▸ **Problem description**
Look below for the line containing "Antiedad y potenciador | NAD Nicotinamide"; from there, print each line exactly up to and including the line containing "Pastiglie freno ANTERIORI", and stop.

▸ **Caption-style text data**
···
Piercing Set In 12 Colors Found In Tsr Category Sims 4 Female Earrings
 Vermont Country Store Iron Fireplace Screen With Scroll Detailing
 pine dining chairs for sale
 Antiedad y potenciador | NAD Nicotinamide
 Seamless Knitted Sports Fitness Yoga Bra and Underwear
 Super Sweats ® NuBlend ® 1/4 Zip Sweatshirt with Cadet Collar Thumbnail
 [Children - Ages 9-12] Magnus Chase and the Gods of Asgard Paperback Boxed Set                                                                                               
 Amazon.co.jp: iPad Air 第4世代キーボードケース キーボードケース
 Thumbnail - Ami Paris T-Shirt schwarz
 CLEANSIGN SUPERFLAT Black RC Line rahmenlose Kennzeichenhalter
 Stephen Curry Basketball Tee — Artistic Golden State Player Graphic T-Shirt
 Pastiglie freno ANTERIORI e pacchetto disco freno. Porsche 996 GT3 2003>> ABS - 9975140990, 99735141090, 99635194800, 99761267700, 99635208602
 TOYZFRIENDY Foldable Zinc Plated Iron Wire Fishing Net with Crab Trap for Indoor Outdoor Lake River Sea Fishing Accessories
···
▸ **Task response**
 Antiedad y potenciador | NAD Nicotinamide
 Seamless Knitted Sports Fitness Yoga Bra and Underwear
 Super Sweats ® NuBlend ® 1/4 Zip Sweatshirt with Cadet Collar Thumbnail
 [Children - Ages 9-12] Magnus Chase and the Gods of Asgard Paperback Boxed Set                                                                                               
 Amazon.co.jp: iPad Air 第4世代キーボードケース キーボードケース
 Thumbnail - Ami Paris T-Shirt schwarz
 CLEANSIGN SUPERFLAT Black RC Line rahmenlose Kennzeichenhalter
 Stephen Curry Basketball Tee — Artistic Golden State Player Graphic T-Shirt
 Pastiglie freno ANTERIORI e pacchetto disco freno. Porsche 996 GT3 2003>> ABS - 9975140990, 99735141090, 99635194800, 99761267700, 99635208602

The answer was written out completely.